[Caption-style text data]
------------

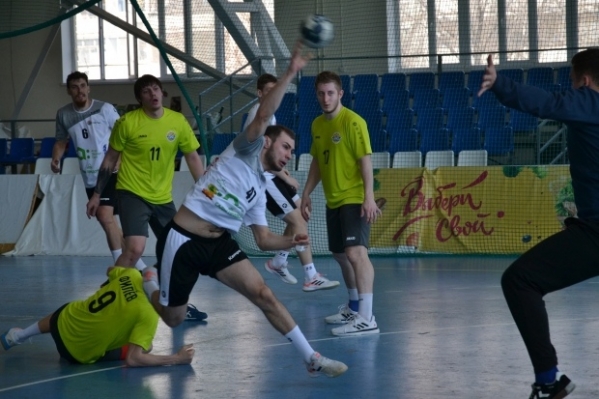 Волгоградский «Каустик» дважды обыграл воронежцев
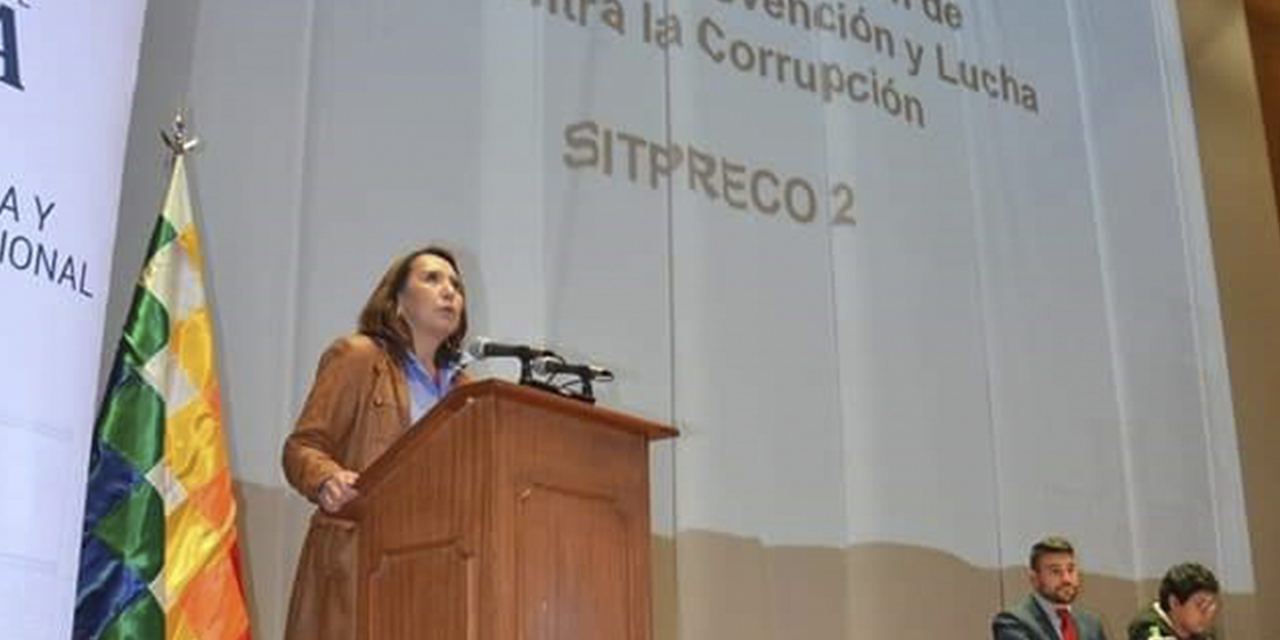 La vice-ministra de Transparencia, Susana Ríos, se dirige a los asistentes. (Foto: Ministerio de Justicia)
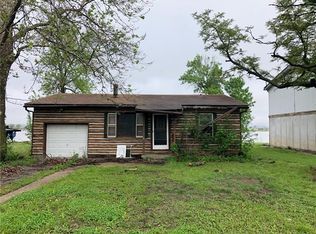 1110 Lake Shore Dr, Rushville, MO 64484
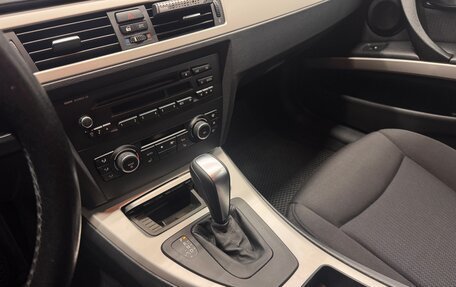 BMW 3 серия, 2011 год, 1 290 000 рублей, 31 фотография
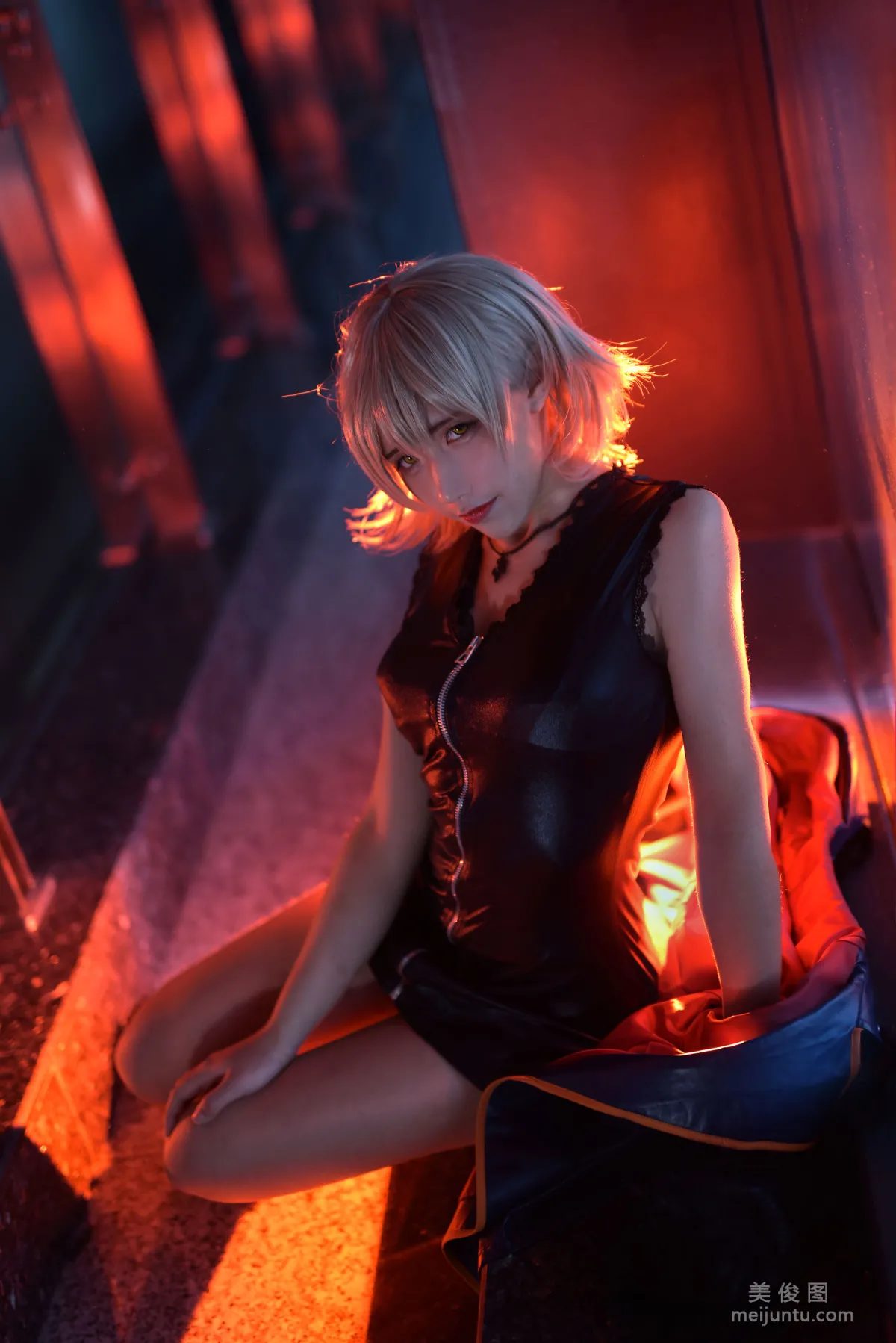 [網紅Coser] 九曲Jean 《黑貞德》 寫真集 14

------------

- [TASK OBJECTIVE]:
Where the line containing "La vice-ministra de" appears, begin writing out the lines word for word, and continue through the last line of the data, leaving out pictures.

- [ANSWER]:
 La vice-ministra de Transparencia, Susana Ríos, se dirige a los asistentes. (Foto: Ministerio de Justicia)
 1110 Lake Shore Dr, Rushville, MO 64484
 BMW 3 серия, 2011 год, 1 290 000 рублей, 31 фотография
 [網紅Coser] 九曲Jean 《黑貞德》 寫真集 14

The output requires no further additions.